Veröffentlicht am

Die „Wunderzüchtung“ Tritordeum

Tritordeum Ähre

Tritordeum ist eine neue synthetische Getreideart, die durch Kreuzung von Hartweizen und Wildgerste entstanden ist. Diese aus Spanien stammende Züchtung erfolgte durch traditionelle Verbesserungstechniken ohne gentechnische Veränderungen und ist die erste neugeschaffene Getreideart die zum Verzehr durch den Menschen geeignet ist.

Durch die Werbung für Tritordeum wird dem Verbraucher suggeriert, dass es sich bei der Züchtung um ein ganz natürliches, durch klassische Methoden erzeugtes Getreide handelt, welches durch sein besser verdauliches Klebereiweiß, seinen hohen Lutein- und Ballaststoffgehalt und den geringen Bestandteil an unverdaulichen Glutenprotein besonders gesund und bekömmlich ist. Bei Tritordeum handelt es sich zudem um ein, besonders gegen Krankheiten resistentes Getreide, welches des Weiteren durch einen geringen Bedarf an Wasser und Düngemittel im Anbau, besonders nachhaltig ist. Derzeit wird Tritordeum, mittels traditionellen und ökologischen  Anbaumethoden in Spanien, Italien und Portugal angebaut.

Doch nun stellt sich die Frage: Wie natürlich ist diese neue Getreideart wirklich? Denn im natürlichen Umfeld würde es niemals zu einer Kreuzung von Wildgerste und Hartweizen kommen.

Um die Artgrenzen zu überwinden und eine Kreuzung von Gerste und Hartweizen vornehmen zu können, muss die zu bestäubende und kastrierte (um Selbstbestäubung zu verhindern) Mutterpflanze in einer Nährlösung mit dem Pflanzenhormon Gibberellinsäure behandelt werden, damit der artfremde Pollen in den Fruchtknoten wachsen kann.
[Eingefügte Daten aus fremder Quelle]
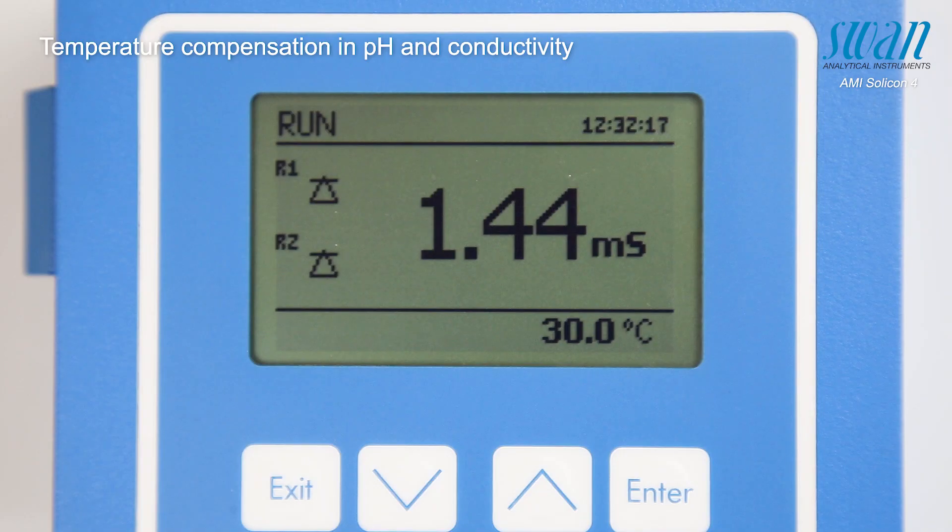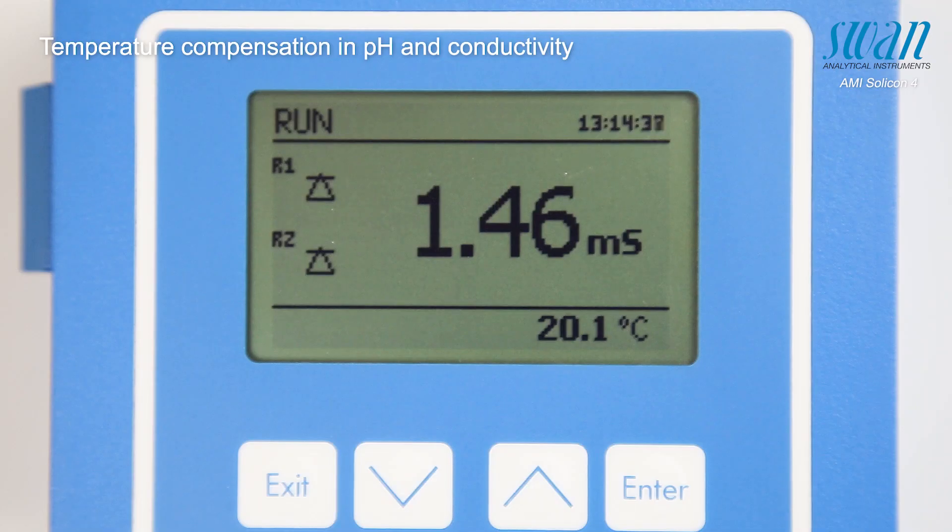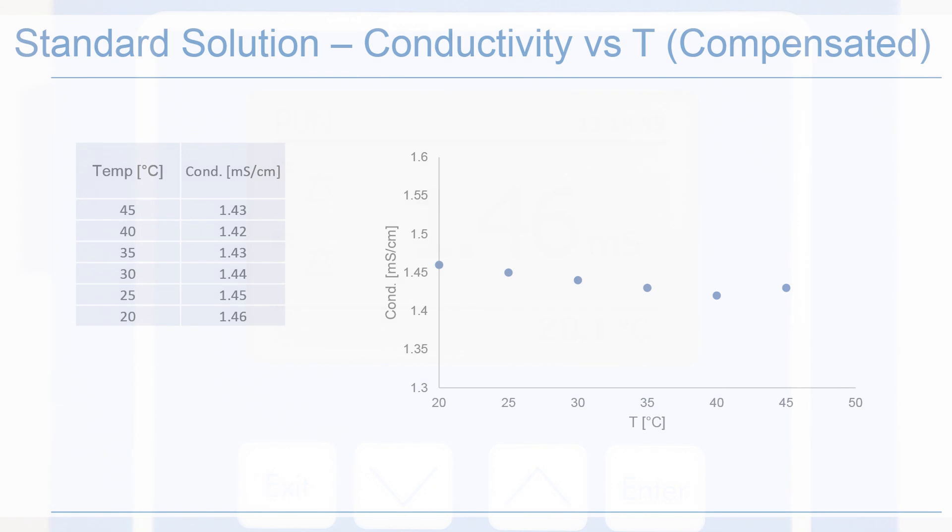As the temperature continues to drop, the measured conductivity value remains stable. This shows that any eventual temperature changes can be compensated within our instrument's accuracy and precision range. These results can be visualized as shown in this final chart.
Die Kreuzung gelingt auf diesem Wege – allerdings können keine Samen entstehen und das Nährgewebe kann nicht gebildet werden.

Dies hat zur Folge, dass der winzige Embryo auf einem sterilen Nährboden (Orchid-Agar) weiter kultiviert werden muss, bis daraus vielleicht eine bewurzelte und blühende Pflanze entsteht.

Solche Kreuzungen aus verschiedenen Arten sind nicht fruchtbar, weshalb bei der Embryokultur das Gift der Herbstzeilosen (Colchicin) hinzugefügt werden muss damit und sich der Chromosomensatz verdoppelt wird und eine Pflanze mit dem vollständigen Chromosomensatz beider Eltern entsteht, die normale Nachkommen erzeugt. Bei diesem Verfahren handelt es sich um klassische Züchtungsmethoden ohne den Einsatz von Gentechnik.

Ein Argument für die Natürlichkeit von Tritordeum soll die Entwicklungshistorie des Weizens, entstanden aus insgesamt drei Wildgräsern, sein. Allerdings entstehen bei den mit Weizen nahverwandten Gräsern häufig spontane (unfruchtbare) Kreuzungen. Bei artfremden Gattungen wie Gerste und Weizen ist dies in der Regel aber nicht möglich. Zudem zeigen sich bei weiteren Einkreuzungen von Weizen, die Unverträglichkeit in der Gerste-Weizen Kombination (Pflanzen sind männlich-steril und bilden keinen Staubbeutel). So kann festgestellt werden, dass die in der Werbung suggerierte natürliche Herkunft von Tritordeum keine sichere Grundlage hat.

An dieser Stelle sollte man sich durchaus fragen, ob ein Getreide, dessen Zellplasma und Zellkern nicht zusammenpassen, wirklich die Lebenskräfte für eine gesunde Ernährung liefern kann. Zudem sind die positiven Inhaltsstoffe, die Tritordeum enthält, auch in anderen Getreidearten zu finden wie z.B. im Einkorn oder im Hartweizen.

Die biologisch-dynamischen Züchtung steht nun auch vor der Frage, ob es zukünftig richtig ist die natürlichen  Artgrenzen zu überwinden, um Spezialisierungen ausgleichen zu können und neue Entwicklungsmöglichkeiten nach dem Vorbild der Weizenevolution zu eröffnen oder müssen die natürlichen Artgrenzen geachtet und andere Wege in der Kulturpflanzenentwicklung gesucht werden?